# Surprise package from Israel



## JTslinger (Jan 26, 2015)

I was very shocked to recieve a package in the mail today all the way from Jeruselem from TheNewSlingShotGuy. The package contained four packages of "Kugelach" and a set of his pseudo-tapered balloon bands.

I look forward to trying both out this weekend on some fresh cans. My work day can end soon enough.


----------



## treefork (Feb 1, 2010)

Congratulations. One member helping out another .


----------



## JTslinger (Jan 26, 2015)

Those cubes absolutely destroy cans.!


----------



## treefork (Feb 1, 2010)

JTslinger said:


> Those cubes absolutely destroy cans.!


What are they normally used for ?


----------



## ghost0311/8541 (Jan 6, 2013)

treefork said:


> JTslinger said:
> 
> 
> > Those cubes absolutely destroy cans.!
> ...


yes inquiring minds want to know.


----------



## JTslinger (Jan 26, 2015)

ghost0311/8541 said:


> treefork said:
> 
> 
> > JTslinger said:
> ...


Apparently they are for a game called "five stones." No idea how to play it.


----------



## reset (Apr 13, 2013)

Same game as Jacks only with lil blocks instead of the crossbones. Im thinking the crossbones are easier to grab during play.


----------



## zippo (Jul 9, 2014)

The words on the package mean "Five stones", and i haven't seen one of these packages for about 19 years.. He is a nice guy.

I dont remember how to play the game..

(im from israel too)


----------



## leon13 (Oct 4, 2012)

So cool to See trades and I like the setup of the balloons 
Cheers


----------



## Nobodo (Nov 5, 2014)

I had never heard of Kugelach so got curious, drove to the library, consulted the Encyclopedia Brittanica volume "J-K", took it over to the mimeograph machine, ripped out the page and ran it through the machine, waited for the purple ink to dry, taped the page back in the encyclopedia, brought the mimeo home, read it.

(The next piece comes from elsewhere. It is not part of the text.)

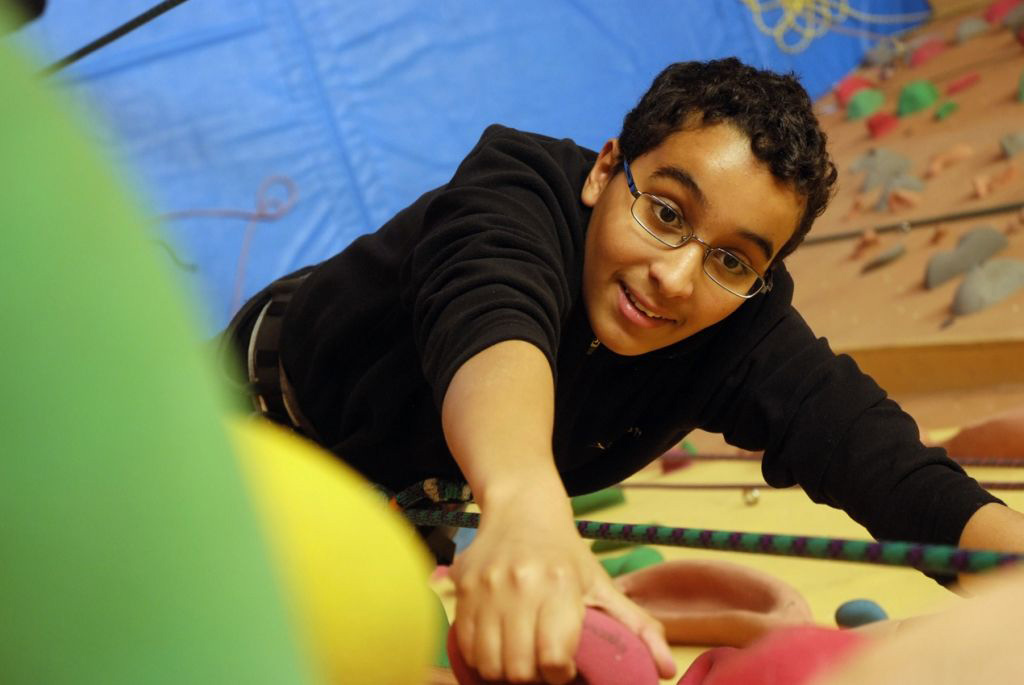 Hamza y va avec le sourire, c’est mieux pour les photos !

It turns out it is a game where you have to pick up increasing numbers of stones in the palm of your hand at the same time you throw up a stone and catch it on the back of your hand. Apparently it progresses until you throw and try to catch all 5 stones on the back of your hand.

Sounds challenging, but also potentially painful. I guess maybe the games girls play called "jacks" was derived from it but modified for less pain.

But oh, that mimeograph smell. Mmmmmmm.


----------



## JTslinger (Jan 26, 2015)

The metal cubes make pretty excellent can cutting ammo. I want to try out the bands tonight after the kiddos go to bed. I will try to video the shooting session.


----------